東京大学の「マイクロソフト先進教育環境寄附研究部門」(MEET)は12月5日、聴衆がプレゼンテーションに参加できるソフトウェア「MEET Borderless Canvas」を開発し、デモンストレーションを行った。
MEET Borderless Cnvasは、聴衆がプレゼンテーションを聞くだけでなく、参加しリアルタイムに議論を展開できるシステム。発表者のスライドの気になった部分に、ペンタブレットPCで書き込みができる。ユーザーは、MEET Borderless Canvasのサーバにアクセスし、資料を共有する。ソフトウェアは、2009年3月4日にMEETのWebサイトで無償配布する予定。また、マイクロソフトが運営する開発者向けコミュニティ、CodePlexのWebサイトでソースコードを公開し、さまざまな教育機関で活用できるようにする予定だ。

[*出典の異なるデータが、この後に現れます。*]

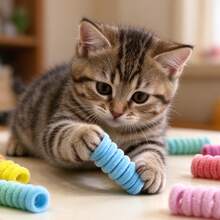 5/8/10/18/28/36/45/50pcs Random Color Cute Cat Spiral Toys, Colorful Macaron Spiral Springs, Plush Spring Interactive Indoor Toy Set, Suitable For Cat Hunting, Pouncing, Chewing, Bringing Endless Fun And Exercise - Multicolor - View 11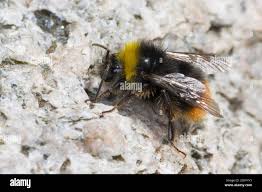 Attēlu rezultāti vaicājumam “Bombus lapidarius”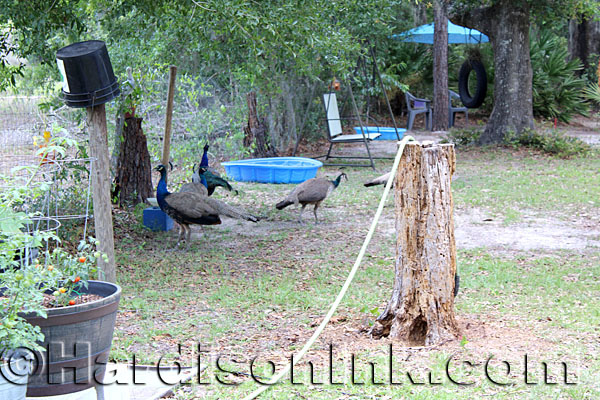 Peacocks HardisonInk.com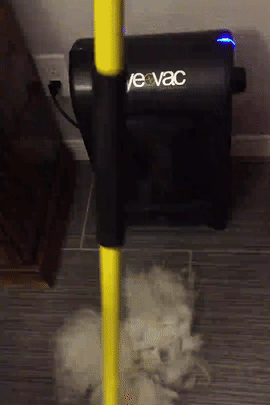 gif of reviewer sweeping pet hair into eye vac and it all being instantly sucked up 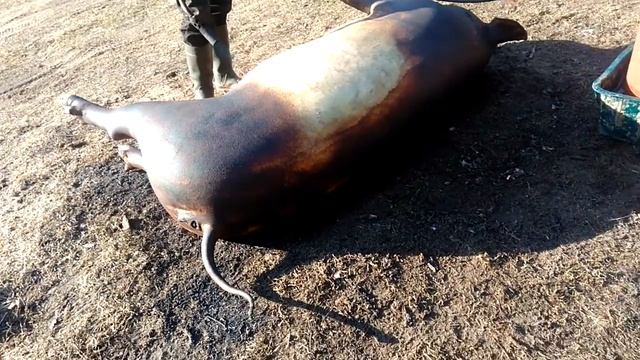 Смаление свиньи как смалить тушу свиньи кабана смотреть онлайн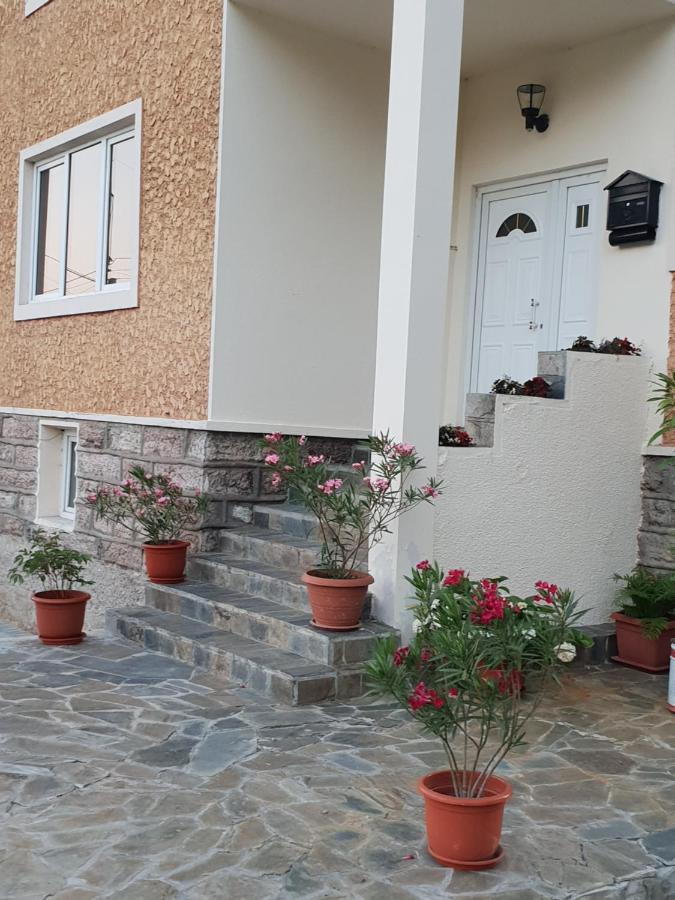 Pretty Garden Villa Orsova Luaran gambar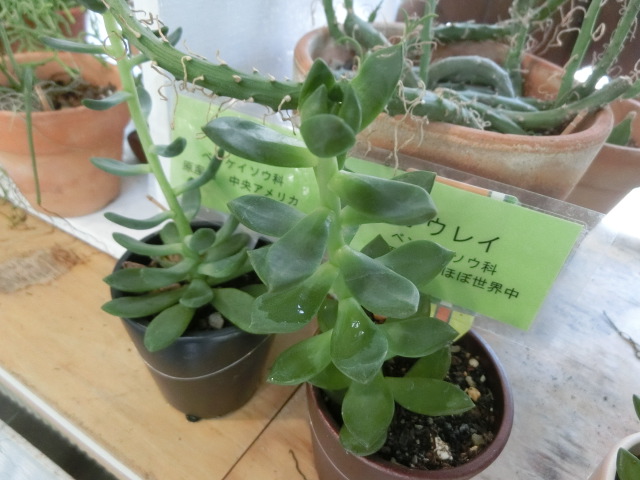 植物編のベンケイソウ科のオウレイ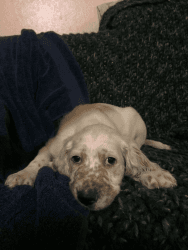 Pure bred English Setter Puppies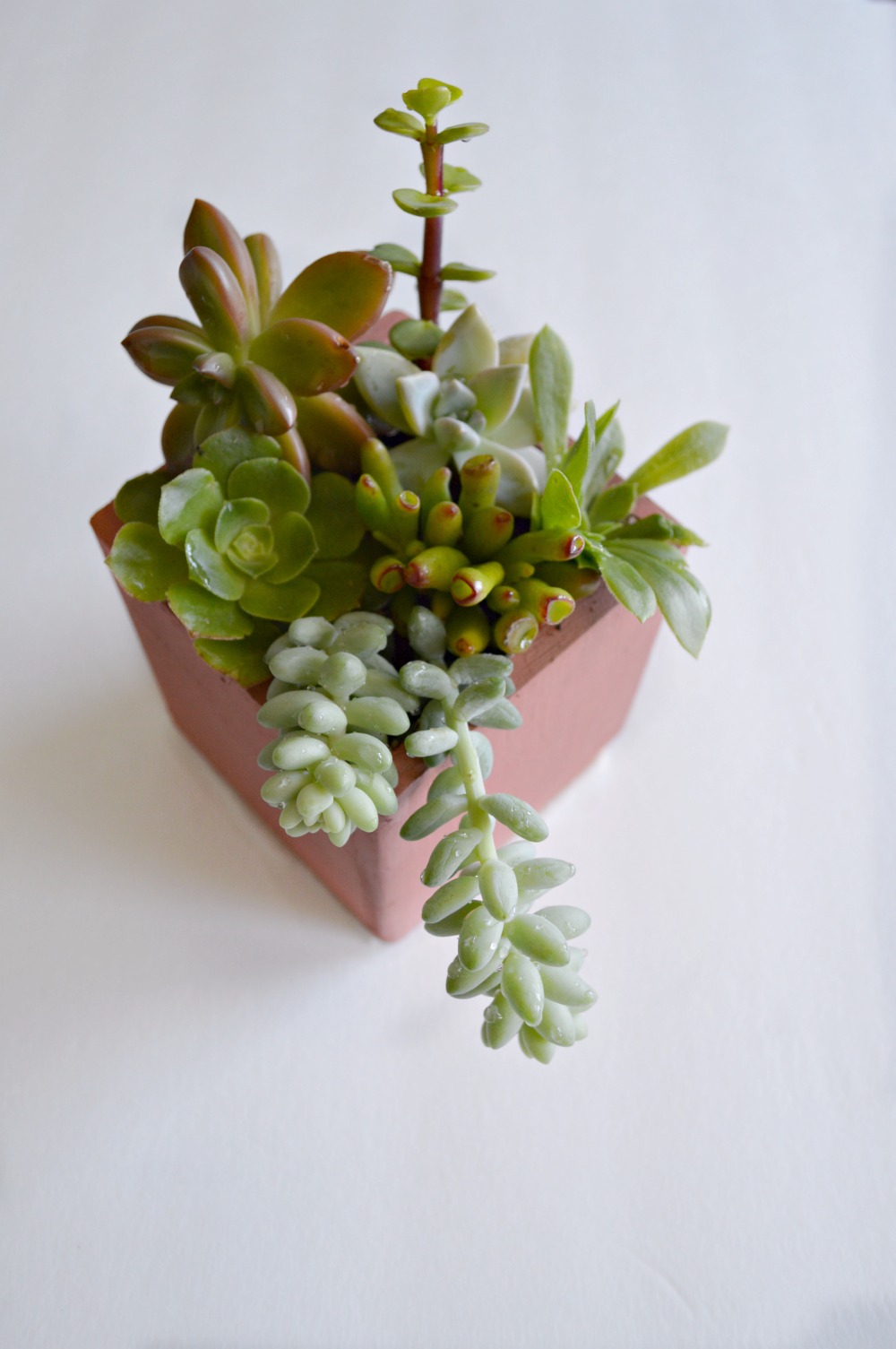 Learn how to make a beautiful succulent display using a old wooden box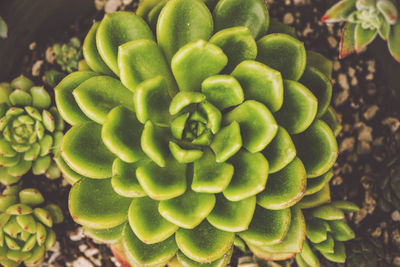 Full frame shot of plants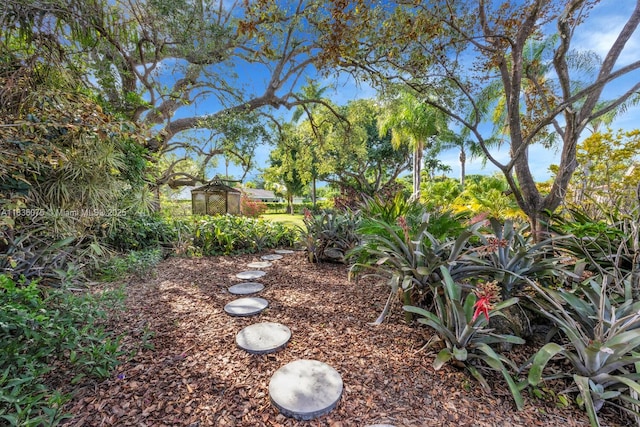15340 SW 82nd Ave, Palmetto Bay, FL 33157 - view of yard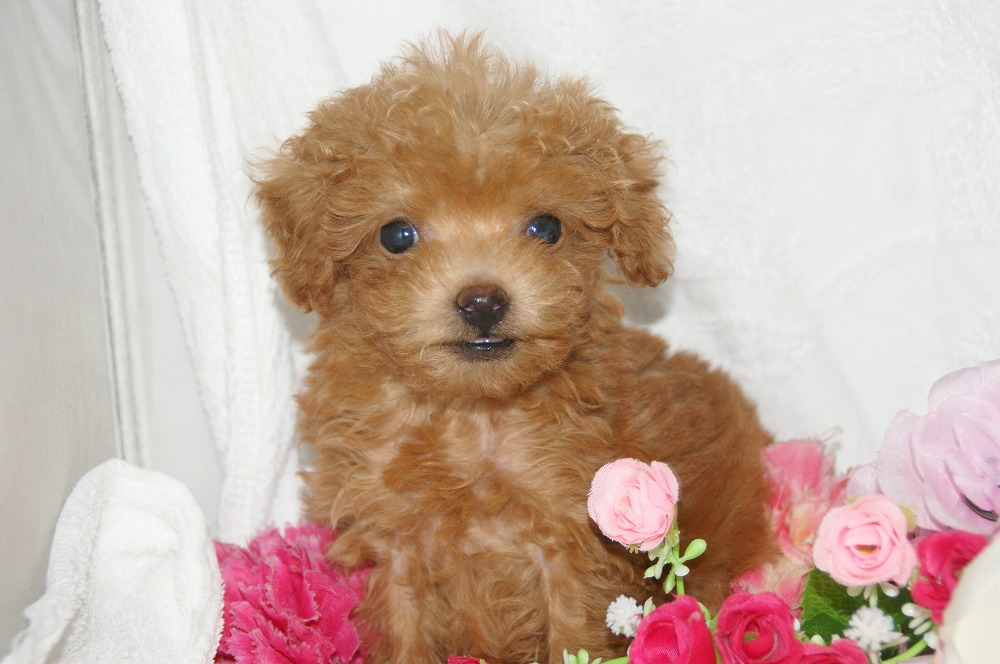 宮城県ペットショップ/ペットショップ鈴花　子犬情報／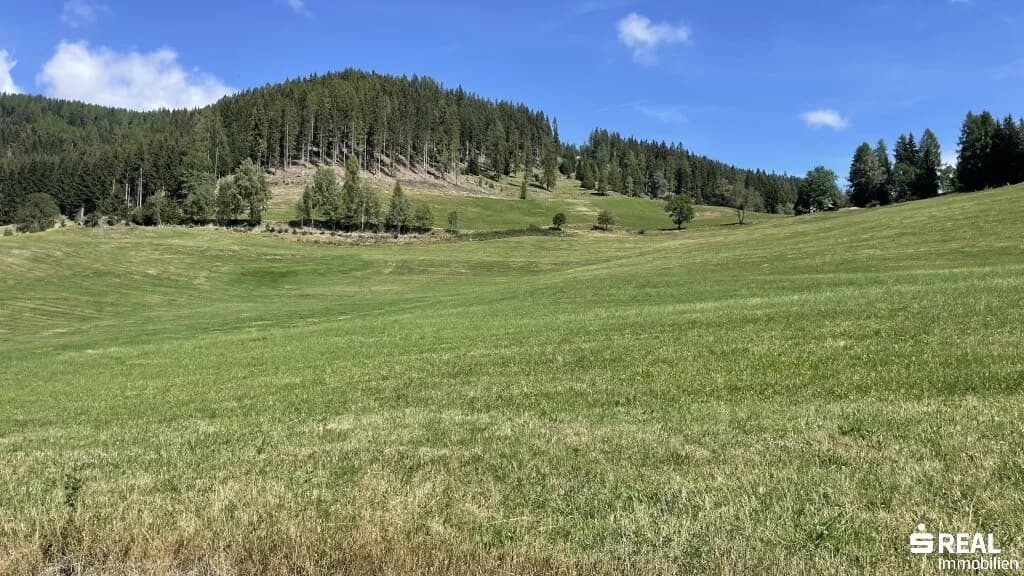 Grundstück kaufen in Feldkirchen – 519 325 m² – Bild 10 von 11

MEET Borderless Cnvasを開発した東京大学 大学総合教育研究センター 特任助教の栗原一貴氏は、従来のプレゼンテーションの問題点について次のように指摘する。「発表者が一方的にプレゼンテーションを終えた後、最後に質問を募っても質問が出てこないことは多い」。聴衆は何か聞きたいことがあっても、プレゼンテーションの間に忘れてしまったりするからだ。また、「従来のプレゼンテーションは、発表者のペースで行われるため、聴衆が内容を理解できていなくても次へ進んでしまっていた」(同氏)。MEET Borderless Canvasでは、現在のスライドだけでなく、前後のスライドも映せるため、過去や未来のスライドを振り返ったり、書き込んだりすることが可能。また、質問については、リアルタイムでコメントができるため、質問内容を忘れることは減る。
今回のデモンストレーションでは、東京大学大学院情報学環 准教授の山内祐平氏と学生10人が、MEET Borderless Canvasと3台のプロジェクタを使って、授業を行った。プレゼンテーションを聞く学生は、ペンタブレットPCを使用し、発表者のスライドで気になった部分に丸や四角などの記号、絵文字、文字、下線などの印をどんどん付けていく。
プレゼンテーション後は、山内氏の進行で、学生の書き込みを基に授業が進められた。山内氏が生徒の書き込みの中から議題を選び、「これは誰が書きましたか?」と質問すると、書き込んだ学生が手を挙げて説明をする。そこで議論が生まれる。学生参加型でも、議論は教授主体で行われるため、教授のファシリテーション能力が非常に問われる。
学生は、プレゼンテーションの途中、書き込みをしないでただ聞いていることも可能だ。山内教授は「この仕組みを使ってから、発言をしない学生というのがいなくなった。具体的な質問や発言をすることに抵抗がある学生でも、スライドに下線を引くくらいならできる。議論への敷居を下げることができた」と述べる。授業に参加した学生からは「ほかの人の着眼点が分かって面白い」といった感想があった。
山内教授は、MEET Borderless Canvasは、生徒数20人以下で、文献購読のような授業に向いているという。「100人以上の講義で、生徒を参加させる場合は、グループワークなど別のやり方を考えた方がよいのかもしれない」(同教授)。活用方法は、現在研究段階にある。来年のソフトウェア公開時には、活用事例をまとめた「すぐに実践できる活用シナリオ集」を配布する予定だ。
使用環境について、OSは、Windows VistaまたはWindows XP SP2以上。タブレットPCを推奨するが、タブレット以外のノートPC、デスクトップPCでも利用可能。プロセッサは、400MHz以上のCPUを推奨。物理メモリ 512MB以上(Windows Vista)、256MB以上(Windows XP)。フレームワークは.NET Framework 3.5が必要。